(PROVIDED DATA Opens)

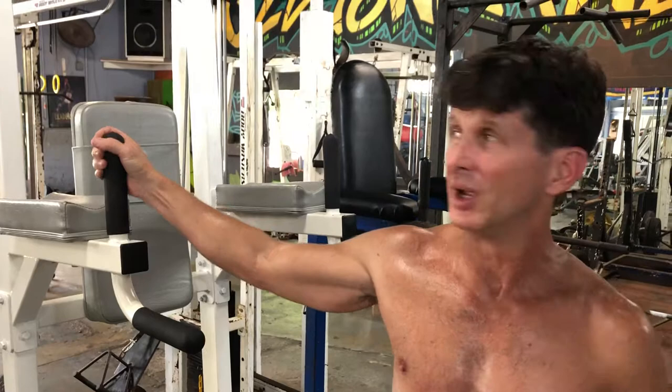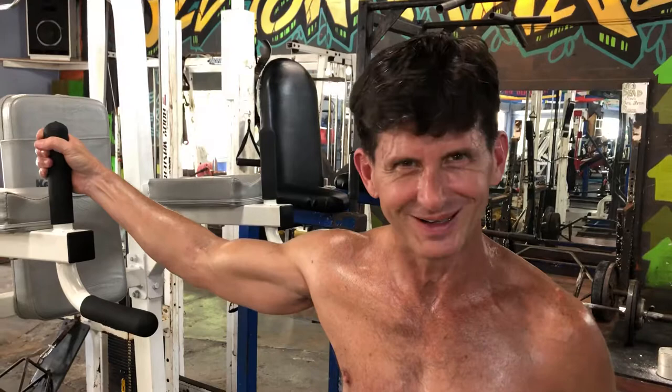Here we have a dip machine, or a stationary dip structure. We're going to use this for something a little different — we're going to get creative. Use your jazz mentality.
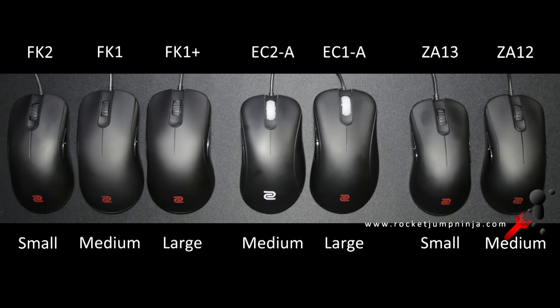So I hope that gives you some insight into what size mouse would suit you. I've reviewed all these mice on this channel, so be sure to check the description for the links. If you want to help support the channel, the links to purchase these will be in the description too. As always, subscribe, like, and share this video, and I'll catch you in the next.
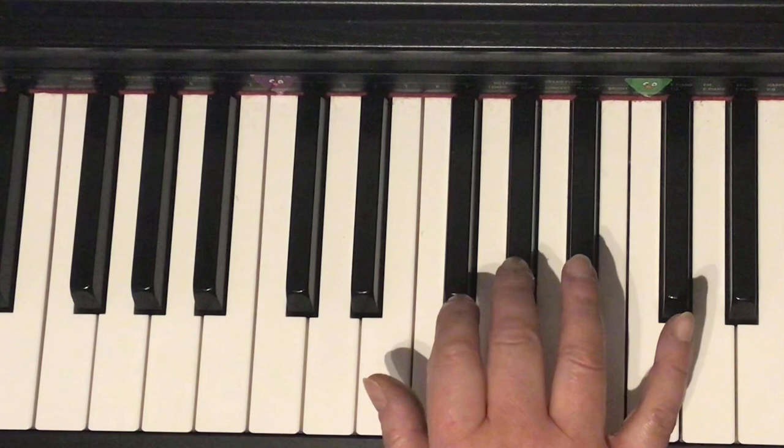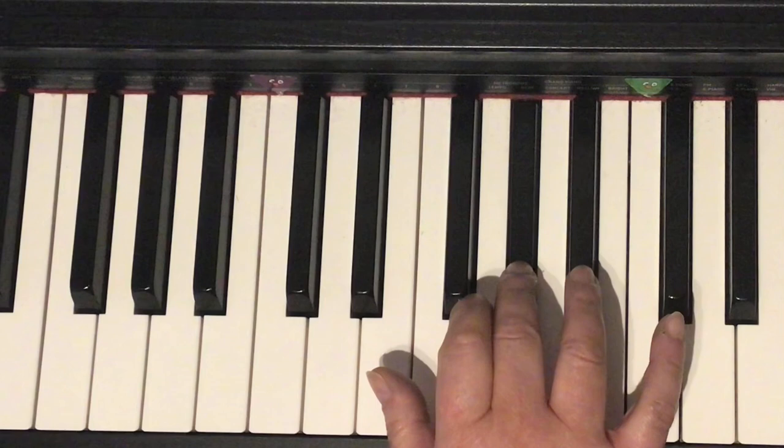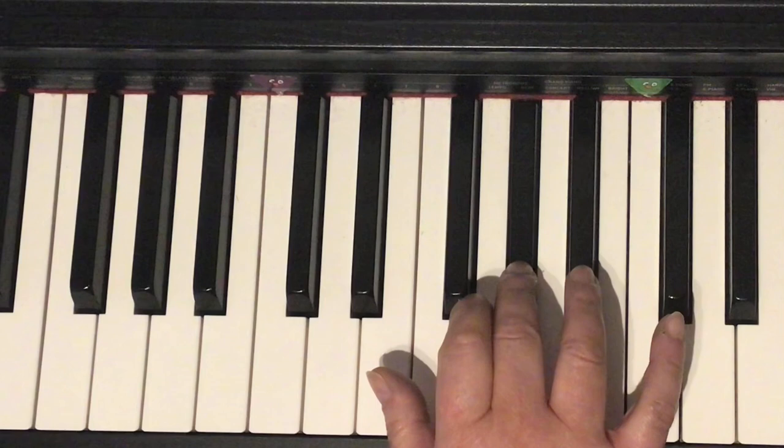Change to three. Hold it. Two, two, three, four. Two, two, three, four. Two, two, three, four.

(PROVIDED DATA Closes)

== ASSIGNMENT ==
Go through the data and return every word of it verbatim, leaving out the pictures.

== WRITTEN ANSWER ==
Here we have a dip machine, or a stationary dip structure. We're going to use this for something a little different — we're going to get creative. Use your jazz mentality.
So I hope that gives you some insight into what size mouse would suit you. I've reviewed all these mice on this channel, so be sure to check the description for the links. If you want to help support the channel, the links to purchase these will be in the description too. As always, subscribe, like, and share this video, and I'll catch you in the next.
Change to three. Hold it. Two, two, three, four. Two, two, three, four. Two, two, three, four.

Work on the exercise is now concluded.